Director, Post-baccalaureate Certificate Program in Autism Studies
Raising a child on the autism spectrum, Connie Anderson learned a lot about disease advocacy. “It continues to amaze me that there is still so little understanding of what autism actually is,” says Anderson. “It’s common even for professionals who serve individuals with autism, such as educators and health or mental health professionals, to know very little about the gifts and challenges associated with it.”
While applying her research and advocacy skills at Kennedy Krieger Institute’s Interactive Autism Network (IAN), Anderson began teaching part time at Towson University. She became passionate about the Post-baccalaureate Certificate (PBC) Program in Autism Studies, and jumped at the chance to direct the graduate program.

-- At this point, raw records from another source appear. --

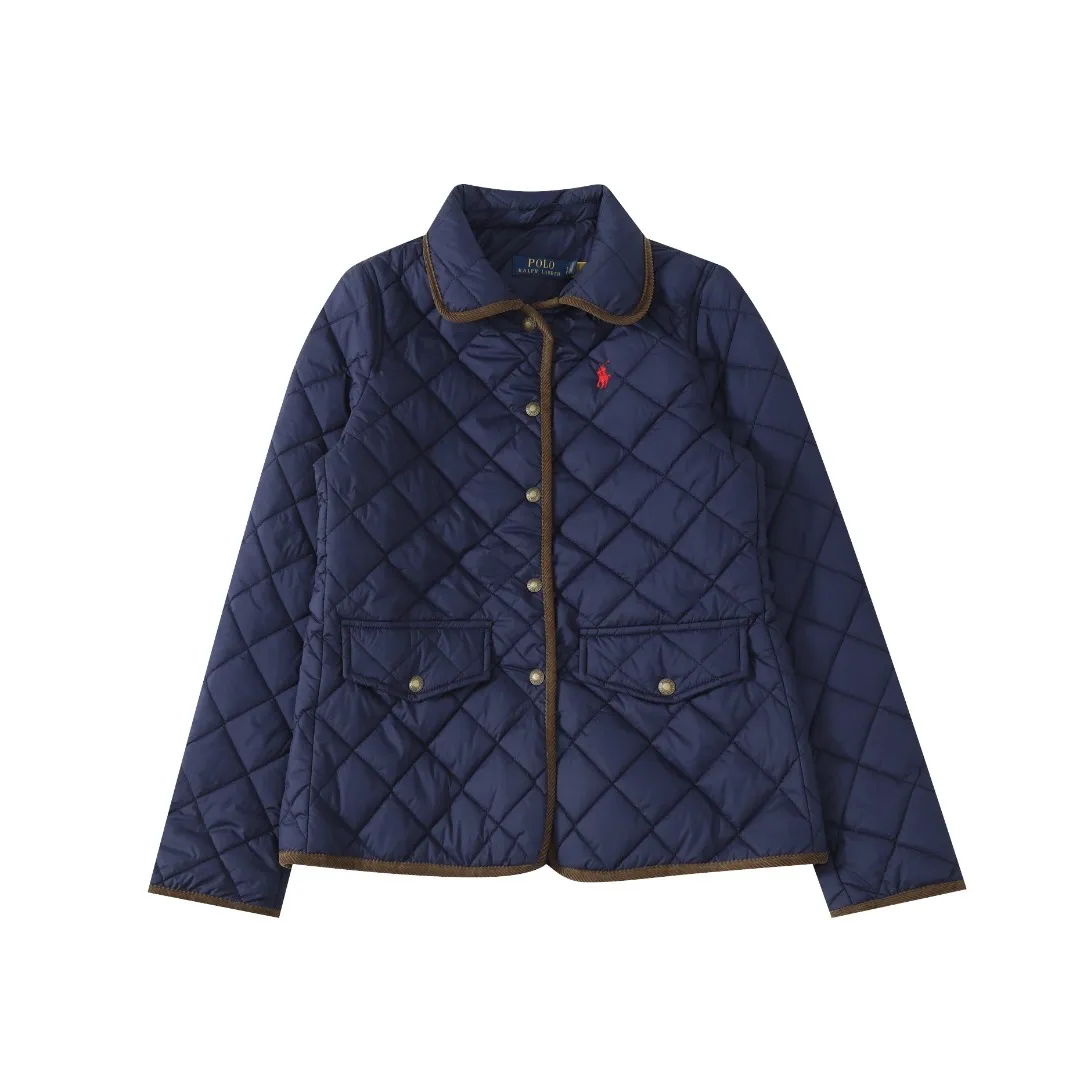 P350 #R53 Ralph Lauren Diamond Quilted Cotton Clothes Women's Tops Retro college style, classic diamond quilting, retro and warmth coexist. When delicate quilting stitches meet the three-dimensional diamond pattern, a warm cotton jacket with a college atmosphere. Exquisite details interpret autumn and winter textured outfits. 4-color versatile style, easy to control various occasions. Black classic｜Low-key high-end that never goes wrong Navy blue is calm | Quiet and intellectual temperament; Khaki is gentle | Creates a warm retro atmosphere; White is fresh | A touch of light halo in winter. Ingenuity is evident in the details, and the quality is at your fingertips. Customized metal buttons embellish the placket. Exquisite embroidery on the chest highlights the brand genes. 120g high-fill cotton is evenly filled. Commuting scene: Pair with straight trousers + loafers. Casual everyday: layered knitted skirt + short boots. College style: combination of jeans + canvas shoes. This winter, let the diamond pattern add elegance to you. Use a classic cotton coat to write your own retro fashion narrative. Color: Navy blue, black, white, khaki. Size: S M L XL. Bust: 107 111 115 119. Length: 65 66 67 68 Sleeve length: 64 64 64 64 Shoulder width: 42 43 44 45 S size: recommended within 100 catties M size: recommended within 120 catties L size: recommended within 140 catties XL size: recommended within 160 catties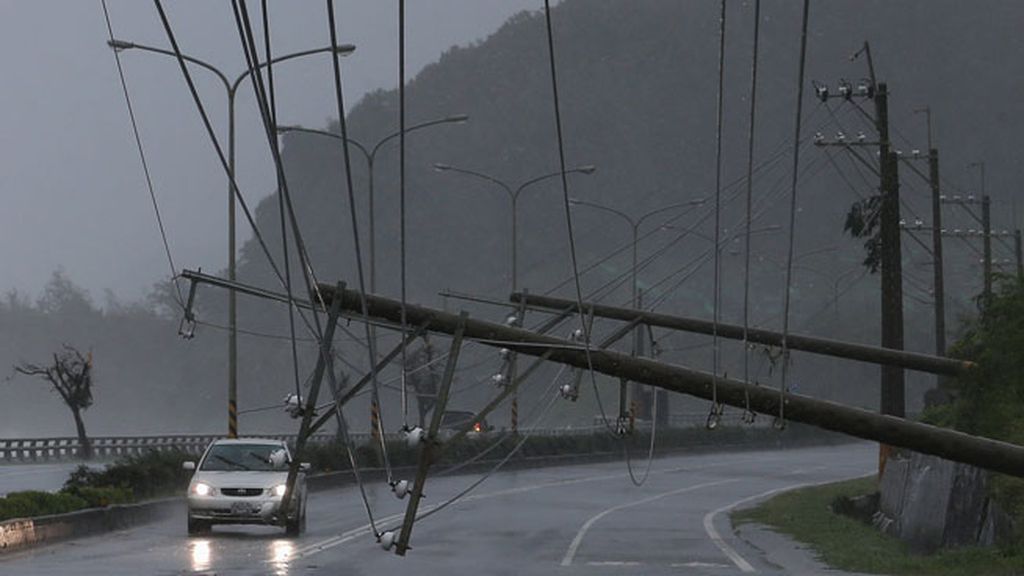 El Meranti arrasa Taiwán: las imágenes del tifón más fuerte desde hace dos décadas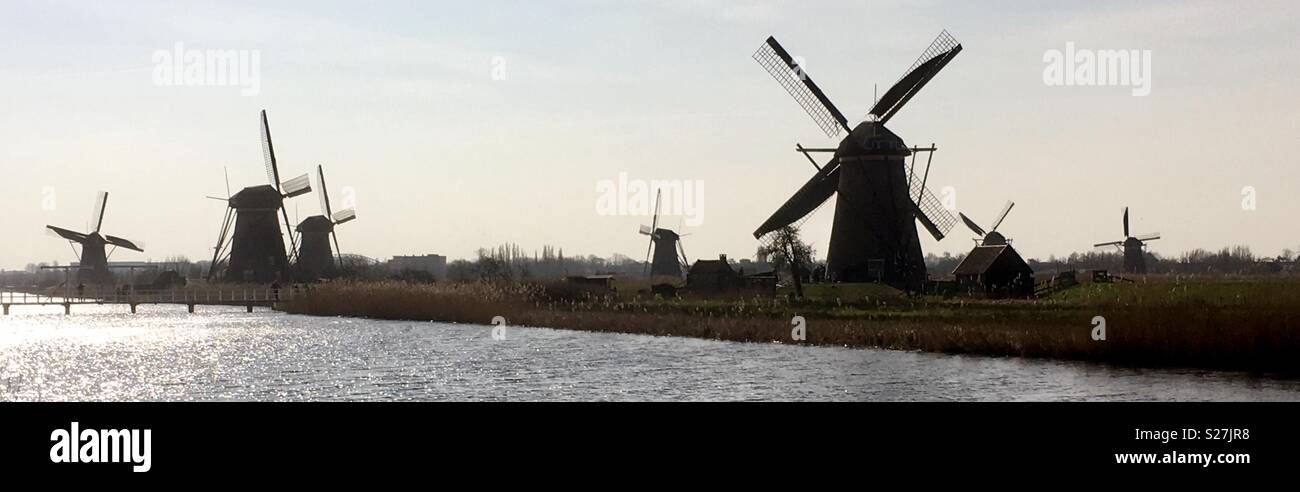 Kinderdijk Windmühlen - Smartphone-aufgenommenes Stockfoto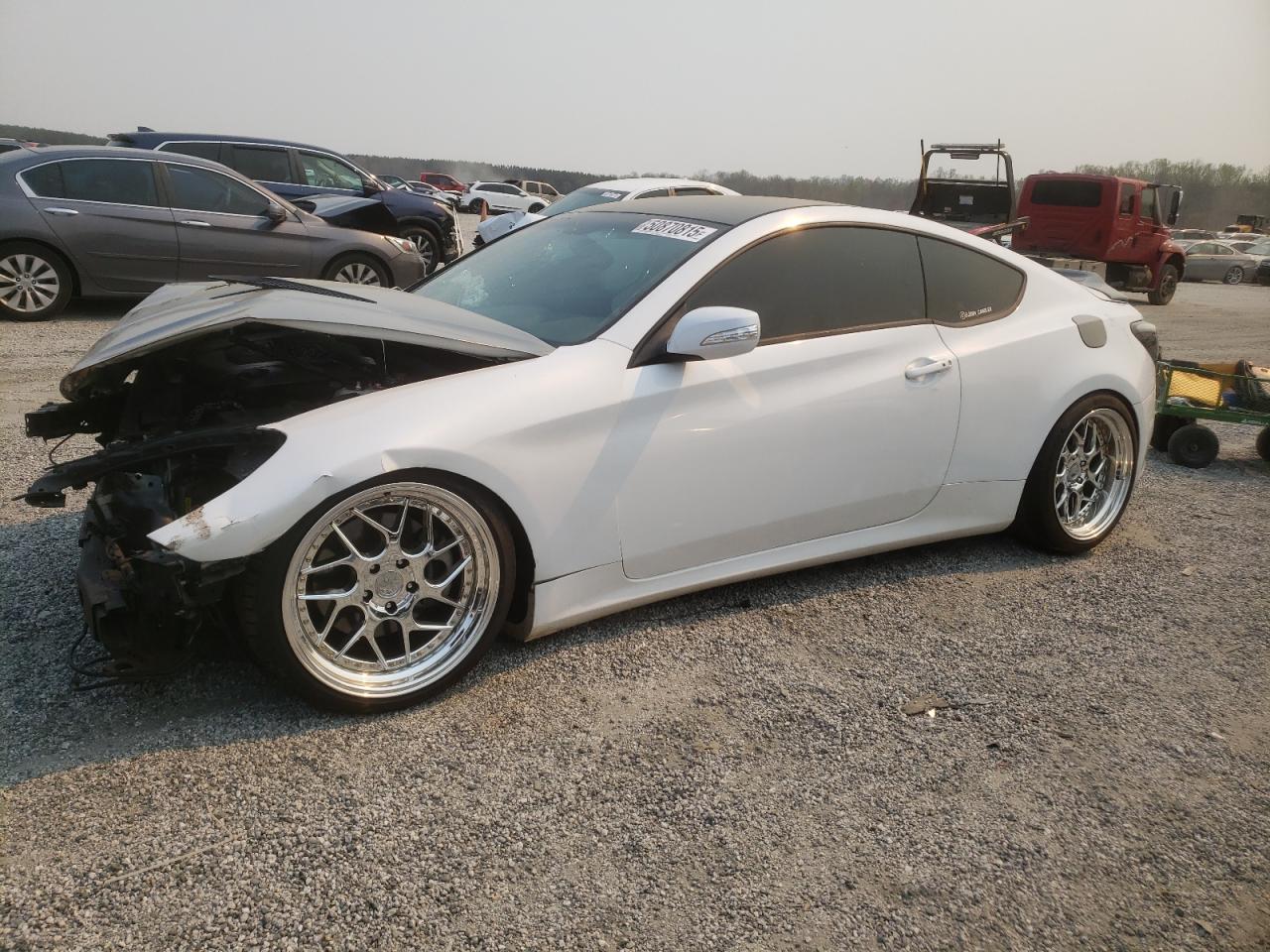 HYUNDAI GENESIS CO 2015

“TU is addressing an unmet need through its PBC in Autism Studies,” says Anderson. “Professionals who enter the field need credentials and are eager for information to build their knowledge base.”
Anderson’s ultimate dream is to contribute to school, health care and other key systems that are understanding and friendly to individuals with autism. “We must create change in the community about how people view autism,” says Anderson. “That means seeding the community with empathetic, autism-savvy professionals who can change the culture around them.”
In addition to teaching, Anderson is pursuing an interview-based research project on outcomes for young adults on the spectrum after they graduate from high school. “It is very exciting to provide the information on young adult outcomes that is so urgently needed right now. At the same time, I love interacting with students and making an impact in the community.”